African American Political Pundit gives a hilarious take on the event, likening the give and take between the moderators and the crowd to an old-school rap Kurtis Blow concert. And I just have to include my sister’s take on it: an Obama/Edwards or Edwards/Obama ticket would be the hotttest, and win, ultimately, via a wet t-shirt contest.
The good: the moderators asked questions to each candidate. All eight candidates got to respond to the questions with pretty much equal time and took turns answering first so I didn’t get a sense of any candidate being marginalized by the format.
The bad: no issue was really dealt with in a substantive way or with any real depth. The 1 minute, then 30 seconds, then 15 second requirements for the candidates to respond really precluded any one issue to be analyzed deeply. So yes, it was a night for candidates to primarily show how quickly they can spin and how quickly they can think on their feet to respond rapid fire on issues being thrown at them.

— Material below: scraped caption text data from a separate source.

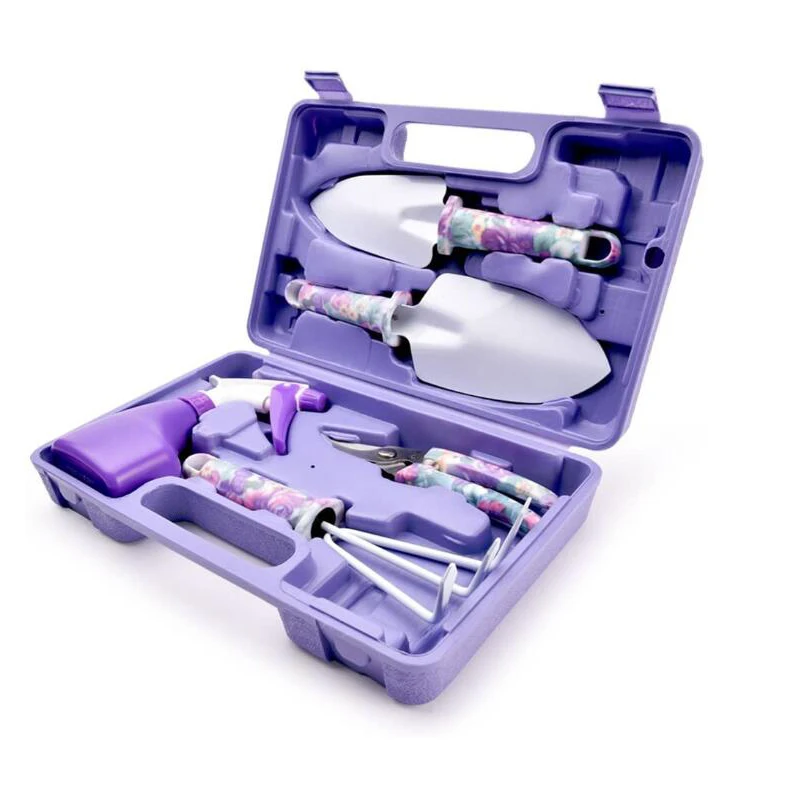 5 pcs Garden Equipment stainless steel Garden Hand Tools Box Set 1Purple Flower Design Garden Tools Set with Box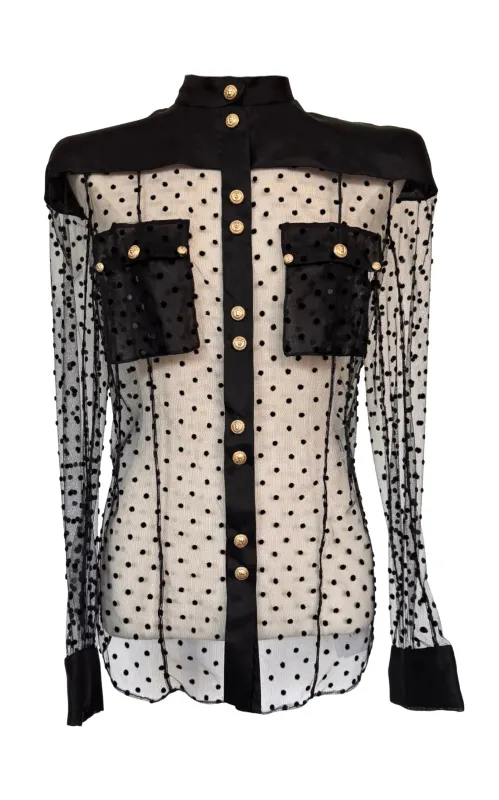 Long Sleeve Black Polka Dot Silk Shirt with Gold Buttons sold by Runaway Catalog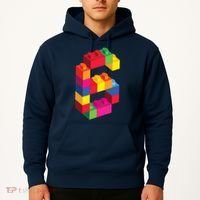 6 Year Old Building Blocks Birthday Bricks 6th Gift Hoodie thumb 2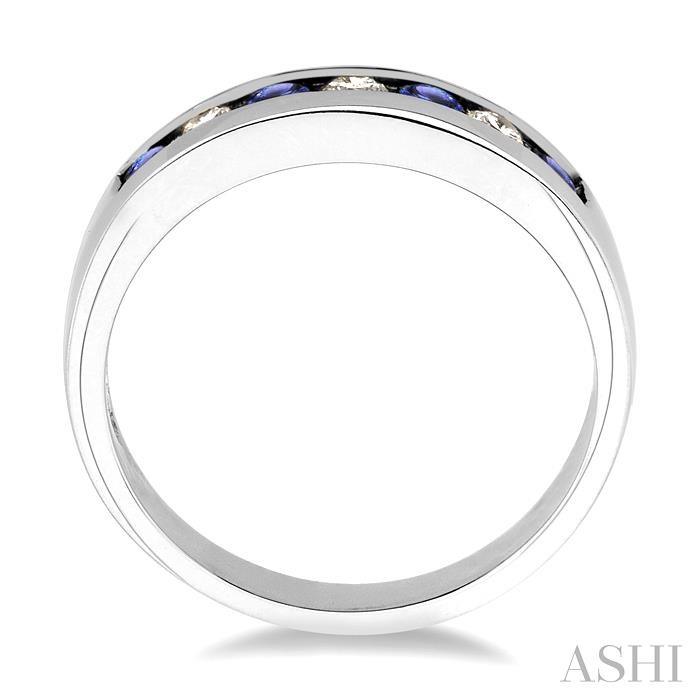Channel Set Alternate Gemstone & Diamond Wedding Band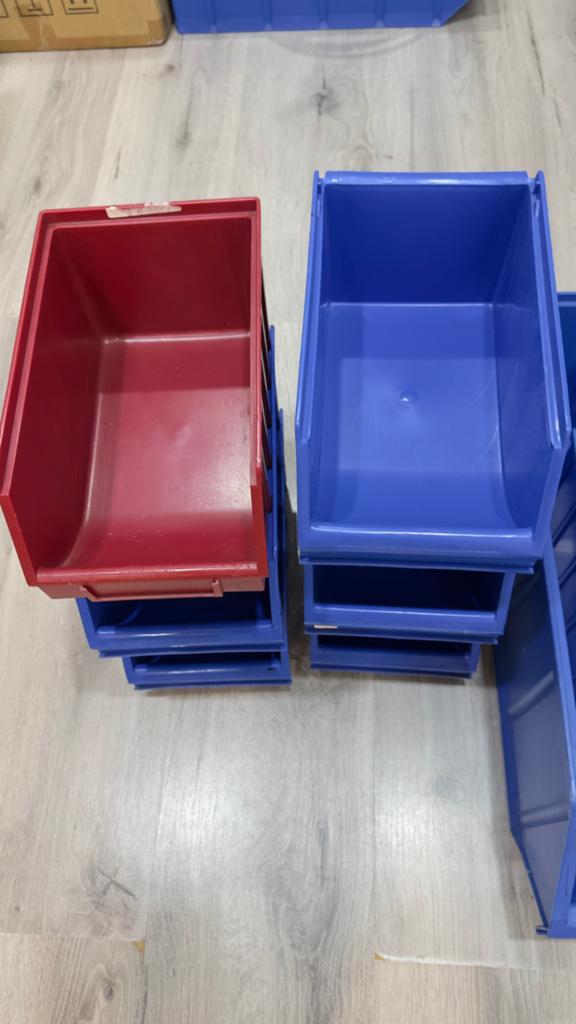 Handige Opbergboxen - Blauw en Rood, Ophalen, Gebruikt, Minder dan 50 cm, Minder dan 40 cm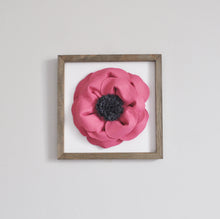 Load image into Gallery viewer, Dark Blush Poppy Flower Farmhouse Framed Wall Art - Daisy Manor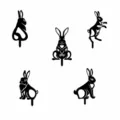 Tableau des tailles de piquet de jardin lapin de Pâques montrant les dimensions cinq silhouettes. - YKL177A+B+C+D+E / Acrylique Noir 3mm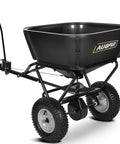 Side view of Tow Behind Broadcast Spreader for Lawn and Garden with 130 lb hopper, adjustable flow, and heavy-duty build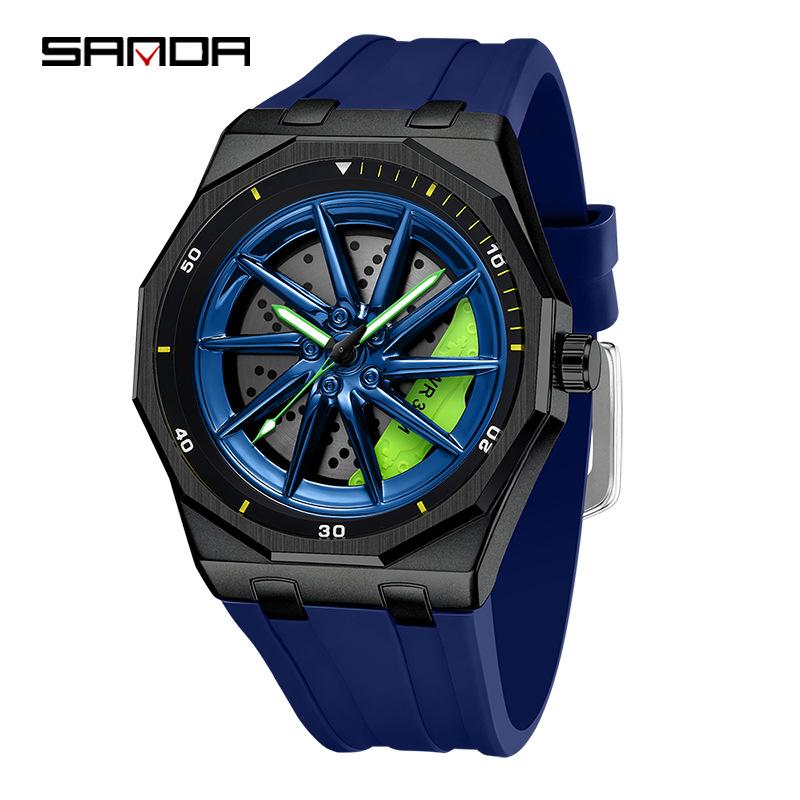Fashion Sanda Top Brand Men's 360° Rotating Car Wheel Skeleton Dial Watch Luminous Quartz Sport Silicone Strap For Student Watch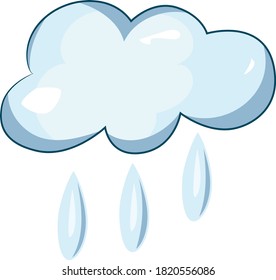 Hübscher Cartoon, Vektorblau, Regenwolke in Pastellfarben. Vollständig editierbar. Cute Baumschule auf weißem Hintergrund. Bereit für den Druck. Kann für Aufkleber, Plakat, Druck, Gewebe, Textilien verwendet werden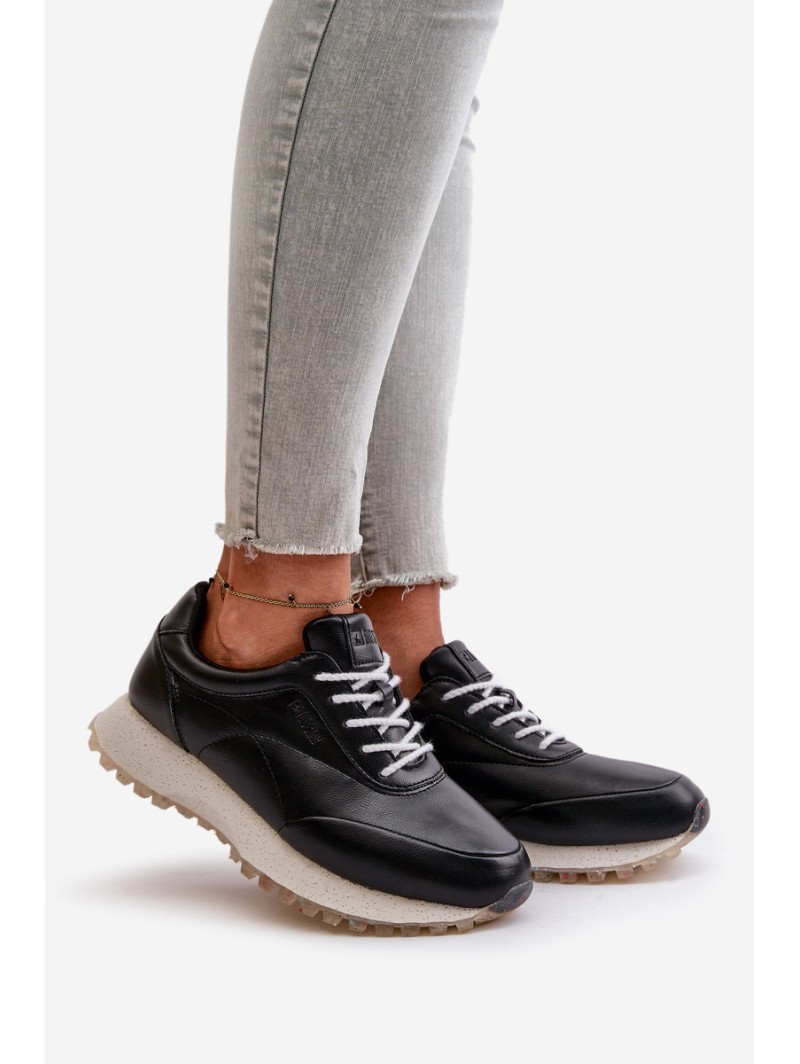 Women's Sneakers Sports Shoes Made Of Eco Leather Big Star OO274024 Hi-Poly System Black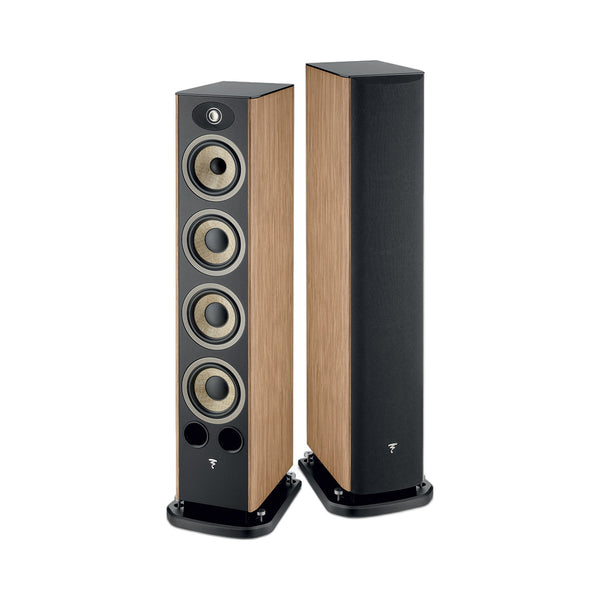 Focal Aria EVO X N°3 Standlautsprecher Nussbaum Stereopaar, links ohne, rechts mit Abdeckung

I was surprised that the candidate who seemed to really shine and distinguish himself was not Obama or Clinton (although they had their moments) but Dennis Kucinich of all people. He hammered his antiwar message into every response consistently. His answers consistently got a good response from the crowd.
Mike Gravel, for some reason, reminded me of the character Howard Beale from the movie, “Network.” He didn’t seem to be there to try to endear himself to the crowd or his fellow candidates. He seemed there to play the role of renegade outsider to call his fellow candidates out and the American people to rile them up. Gravel made reference to “changing the system” and doing away with the War on Drugs. His ideas and delivery made it seem like he was trying to play the part of radical. He wasn’t always successful and at the end just seemed tired as he says none of his fellow candidates have any moral authority.
Overall, to learn more about the candidates I would like to see them in an in-depth interview setting with a thoughtful interviewer like Bill Moyers. I’d learn more about them as people and their positions on issues in such a setting much more so than the soundbite-ready Smackdown battle royale that was the event at Howard University.
Did I learn something? A little bit. I would have liked more meat and potatoes. But as far as these types of events go, it was fun to watch and I took it for what it was so I wasn’t too disappointed.